Annual Report on Form 10-K
Our consolidated, audited financial statements
and related footnotes will be available in our annual 2016 Form
10-K which will be filed on or about February 22, 2017.
Conference Call
As announced on February 8, 2017, Legacy will
host an investor conference call to discuss Legacy's results and
corresponding presentation materials on Thursday, February 23, 2017
at 9:00 a.m. (Central Time). Those wishing to participate in the
conference call should dial 877-266-0479. A replay of the call will
be available through Thursday, March 2, 2017, by dialing
855-859-2056 or 404-537-3406 and entering replay code 61542356.
Those wishing to listen to the live or archived web cast via the
Internet or view the corresponding presentation materials should go
to the Investor Relations tab of our website at www.legacylp.com.

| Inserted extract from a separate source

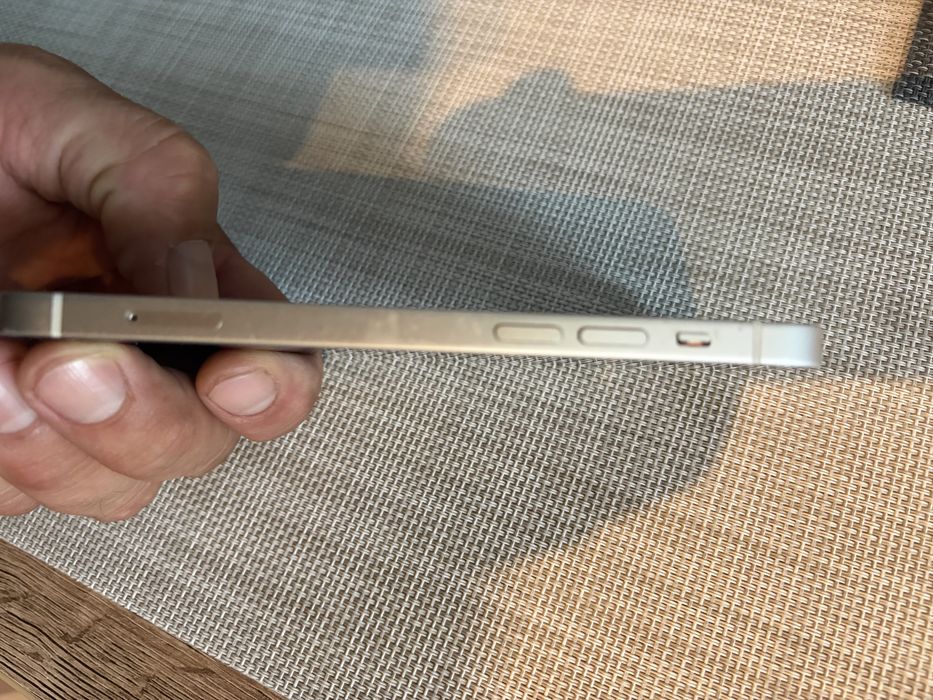 Продавам  Iphone 12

Following our prepared remarks, we will be pleased to answer
questions from securities analysts and institutional portfolio
managers and analysts; the complete call is open to all other
interested parties on a listen-only basis.
About Legacy Reserves LP
Legacy Reserves LP is a master limited
partnership headquartered in Midland, Texas, focused on the
acquisition and development of oil and natural gas properties
primarily located in the Permian Basin, East Texas, Rocky Mountain
and Mid-Continent regions of the United States. Additional
information is available at www.LegacyLP.com.
Additional Information for Holders of
Legacy Units
Although Legacy has suspended distributions to
both the 8% Series A and Series B Fixed-to-Floating Rate Cumulative
Redeemable Perpetual Preferred Units (the "Preferred Units"), such
distributions continue to accrue. Pursuant to the terms of Legacy's
partnership agreement, Legacy is required to pay or set aside for
payment all accrued but unpaid distributions with respect to the
Preferred Units prior to or contemporaneously with making any
distribution with respect to Legacy's units. Accruals of
distributions on the Preferred Units are treated for tax purposes
as guaranteed payments for the use of capital that will generally
be taxable to the holders of such Preferred Units as ordinary
income even in the absence of contemporaneous distributions.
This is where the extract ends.